» EXERCISE OBJECTIVE: In the listing below, find the line holding "Chic Crew Neck" and the line holding "Hot Pink Satin Lace Trim Panties G4114". Write out those two lines and all lines between, exactly, and nothing more.

» RECORDS:

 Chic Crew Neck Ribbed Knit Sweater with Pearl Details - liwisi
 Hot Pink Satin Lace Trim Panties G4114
--
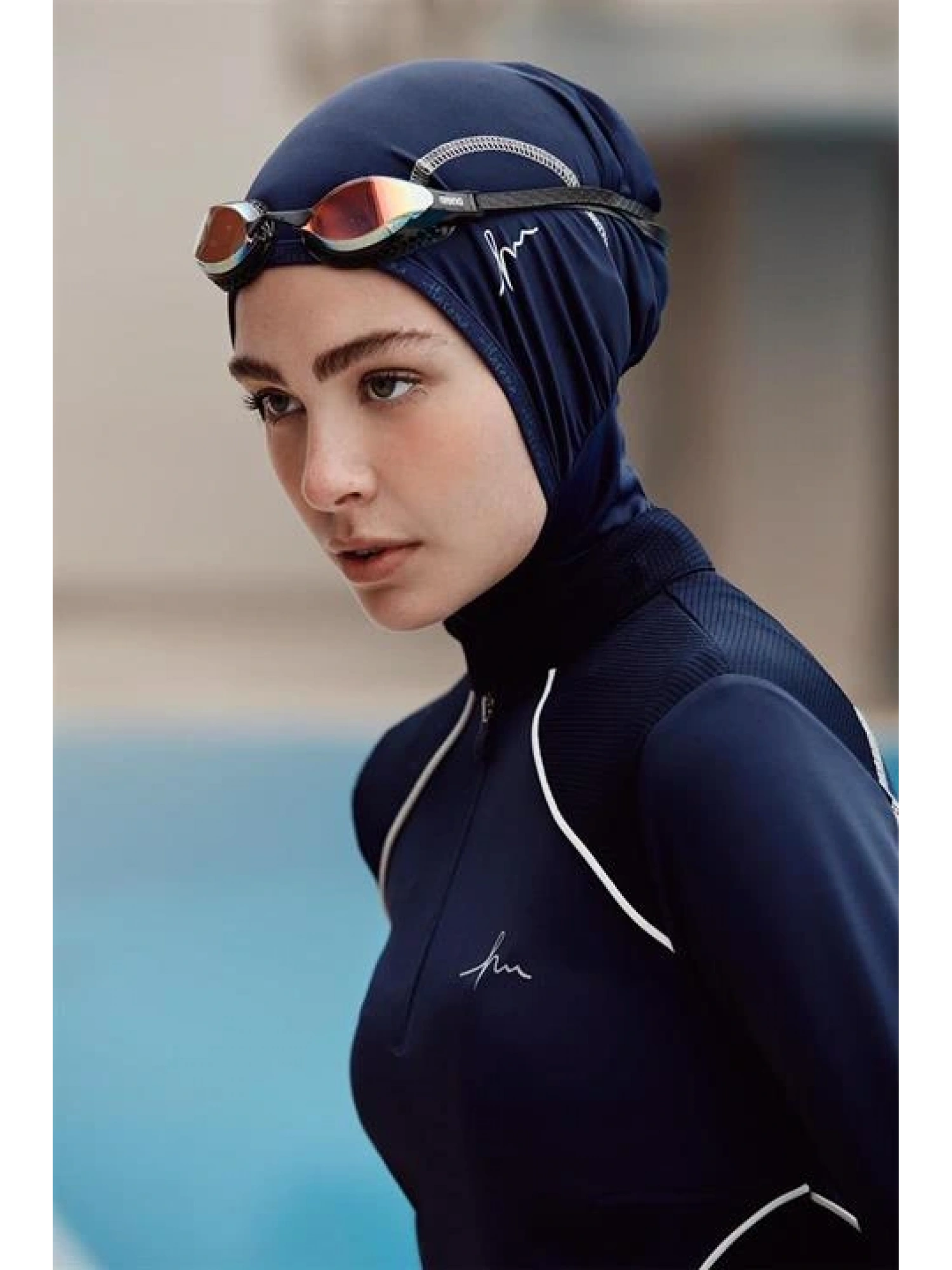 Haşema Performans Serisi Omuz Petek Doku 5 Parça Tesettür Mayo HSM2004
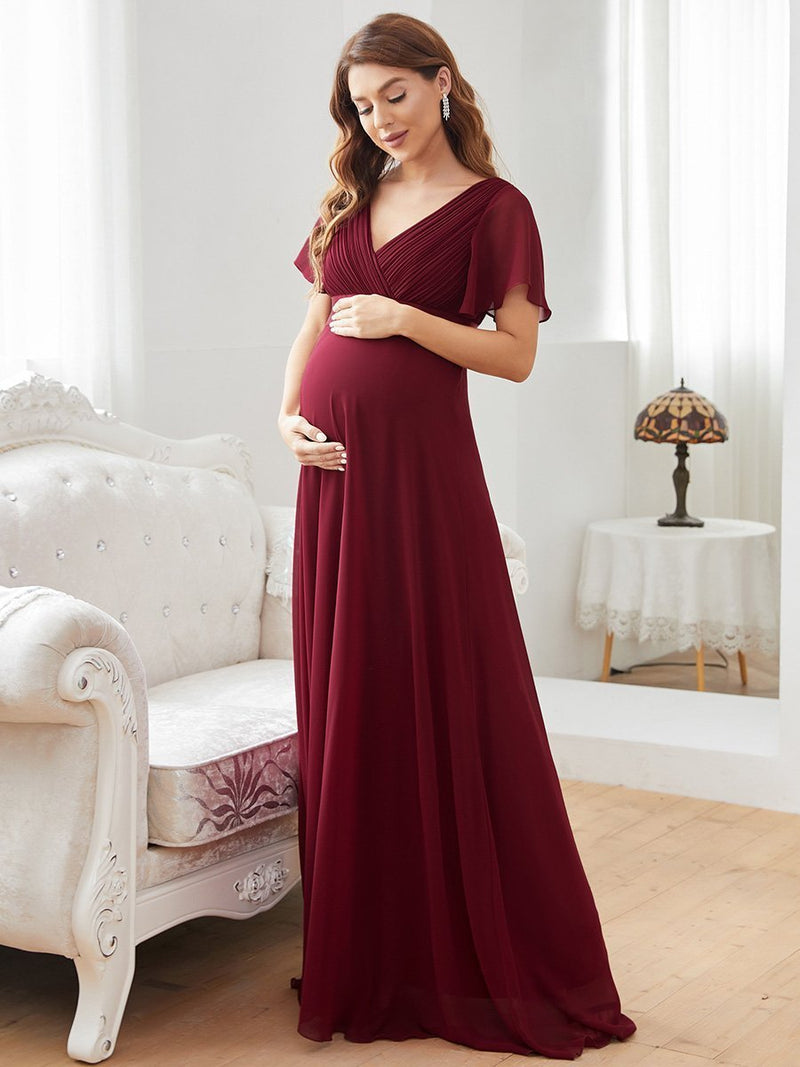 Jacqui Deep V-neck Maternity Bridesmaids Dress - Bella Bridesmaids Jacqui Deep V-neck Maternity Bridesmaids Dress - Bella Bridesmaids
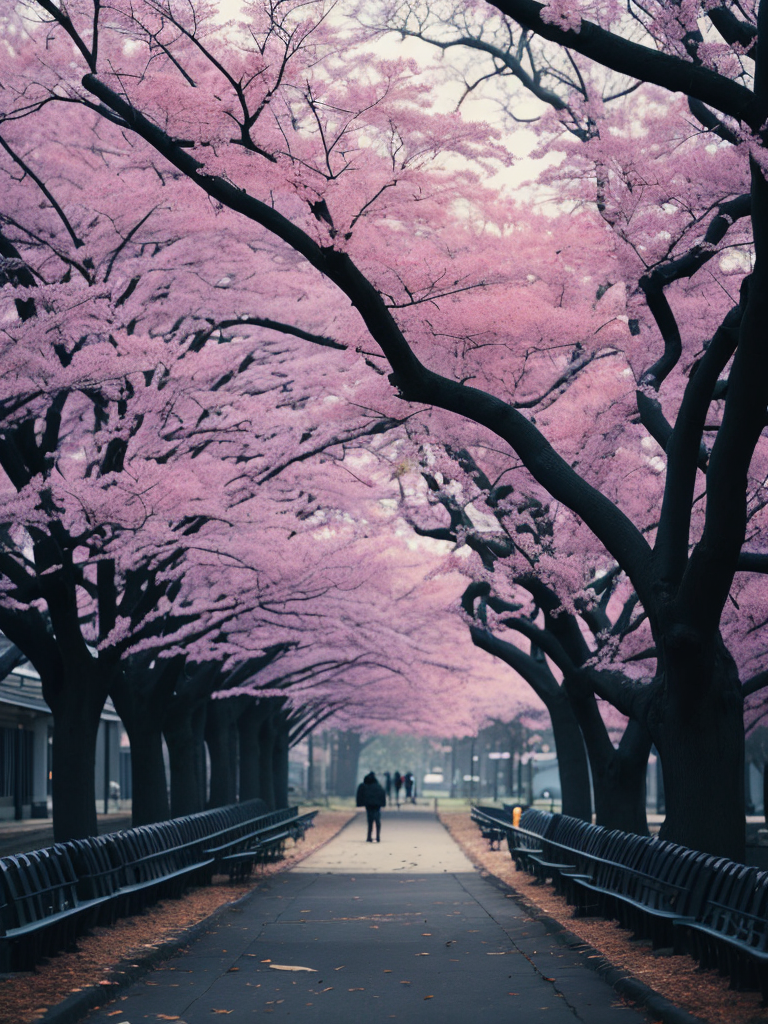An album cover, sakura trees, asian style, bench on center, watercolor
* * *
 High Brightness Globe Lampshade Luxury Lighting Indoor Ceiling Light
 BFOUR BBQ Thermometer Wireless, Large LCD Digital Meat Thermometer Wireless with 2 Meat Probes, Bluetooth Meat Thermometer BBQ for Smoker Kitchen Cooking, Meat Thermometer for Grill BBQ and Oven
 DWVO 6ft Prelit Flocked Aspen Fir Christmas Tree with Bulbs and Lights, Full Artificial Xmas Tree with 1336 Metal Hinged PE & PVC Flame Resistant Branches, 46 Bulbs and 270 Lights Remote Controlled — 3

» EXPECTED OUTPUT:
 Chic Crew Neck Ribbed Knit Sweater with Pearl Details - liwisi
 Hot Pink Satin Lace Trim Panties G4114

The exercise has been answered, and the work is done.